Ela teve que ser diplomática. “O embaixador indiano me disse: casta é uma palavra peculiar à Índia, só faz sentido na Índia e você não deve usá-la. É por isso que não queremos que ela seja discutida em um fórum internacional”, diz Pillay. “Respondi que ele deveria ser generoso e emprestar a palavra ao mundo, exatamente como a África do Sul contribuiu com a palavra apartheid para o discurso internacional.”

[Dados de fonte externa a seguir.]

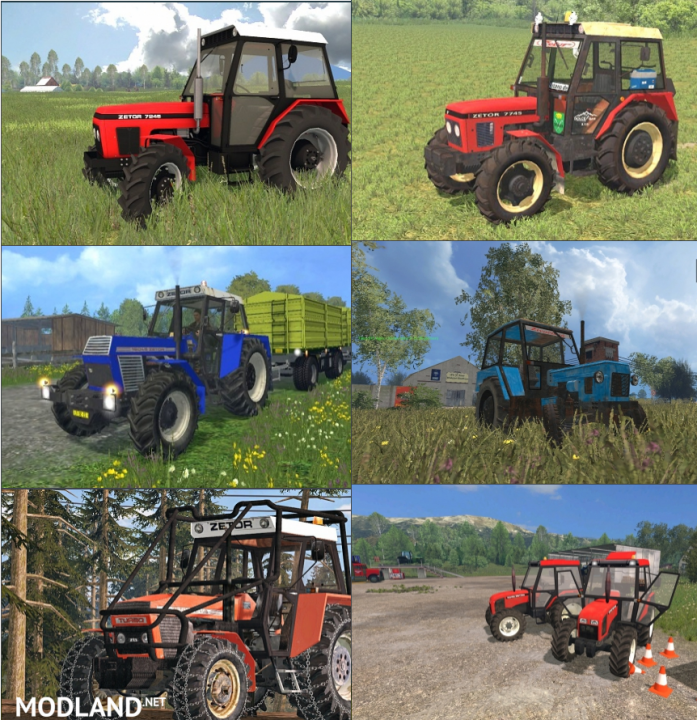 Zetor Mega Pack Tractors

Ser Alta Comissária era muito diferente de seu trabalho anterior como juíza. “Você sabe, nós julgávamos, sentenciávamos as pessoas. Mas para ser uma Alta Comissária, você tem que ser uma defensora, encontrar o argumento e a abordagem corretos e oferecer ajuda para conseguir o avanço da proteção dos direitos humanos”, diz.

“Estrutura errada”

Como Alta Comissária, o que ela mais gostava era “quando a mensagem era transmitida”. Mas também havia coisas que ela detestava no cargo. “Acho que é uma estrutura errada ter uma pessoa sentada no topo da pirâmide e todo mundo quer ver essa pessoa, sejam ministros de vários países, a equipe, a sociedade civil”, diz Pillay. “E isso se tornou simplesmente esmagador. Eu estava fazendo reuniões a cada 15 minutos, e isso até consumia meu horário de almoço.”

Como advogada e juíza, ela desfrutou de independência e “tempo para pensar”, e “não estava lotada o tempo todo”. Antes de assumir o cargo de Alta Comissária, ela diz que conversou com sua antecessora, Louise Arbour, que também disse que a falta de tempo era sua principal preocupação “e eu disse a ela que controlaria minha própria agenda”. Mas, uma vez no cargo, Pillay diz que “falhou irremediavelmente” em fazer isso.

Aos 81 anos, Navanethem Pillay ainda é ativa em relação aos direitos humanos. Atualmente, ela preside a Comissão Independente de Inquérito sobre o Território Palestino Ocupado, criada pelo Conselho de Direitos Humanos da ONU, com sede em Genebra, em 2021.